Accessing Oracle Cloud Infrastructure (OCI) using Google G Suite SSO

Posted in: Cloud, Oracle

Background

One of the nice things about so many web apps these days is how easily they integrate with Google authentication and Single Sign-on (SSO). This is thanks to web-based authentication and authorization technologies such as SAML and OAuth.

So the logical question is: if our organization uses Google G Suite as our directory service, can we configure G Suite users for Oracle Cloud Infrastructure (OCI) authentication and access? So OCI cloud admins won’t have to manage and enter OCI specific credentials but rather can just click on their G Suite SSO user to log into OCI?

The Oracle documentation talks about identity federation with Oracle Identity Cloud Service or Microsoft Active Directory but mentions nothing about Google G Suite. Fortunately, though, both OCI and G Suite are SAML (Security Assertion Markup Language) 2.0 compliant so the answer is clearly “YES”.

Hence, setting up OCI access using G Suite authentication is possible and actually pretty simple.

 

Implementation summary

The implementation is really only a one-time setup process but does require administrative access to both OCI and G Suite. For SAML, there are three entities involved:

  • Users: the cloud infrastructure administrators who need to connect to OCI.
  • Identity Provider: in this case, the IdP is Google G Suite.
  • Service Provider: in this case, the SP will be OCI, of course.

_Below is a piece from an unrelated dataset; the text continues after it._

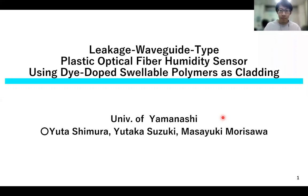Leakage Waveguide Type Plastic Optical Fiber Humidity Sensor Using Dyed Polymer as Grating. Utah-Shimera, University of Yamanashi representation.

The process can be summarized as:

  1. Configuring G Suite to accept authentication requests from, and send the pertinent data back to, your OCI Tenancy.
  2. Adding G Suite group(s) to manage OCI users in the G Suite directory service. (Optional: implement as necessary.)
  3. Federate OCI as an SP using G Suite as the IdP.
  4. Map G Suite groups to OCI groups as necessary.
  5. Add the necessary policy statements to the OCG groups as necessary.

 

Setup details

Setup starts on the OCI Federation screen. Using the OCI sidebar, navigate to Identity -> Federation:

 

Here you likely only have one federated identity provider, “Oracle Identity Cloud Service”:

 

The key is the link in the bottom right for downloading metadata required for setup with other SAML 2.0-compliant identity providers. Choose the Download this document link and open the resulting XML file.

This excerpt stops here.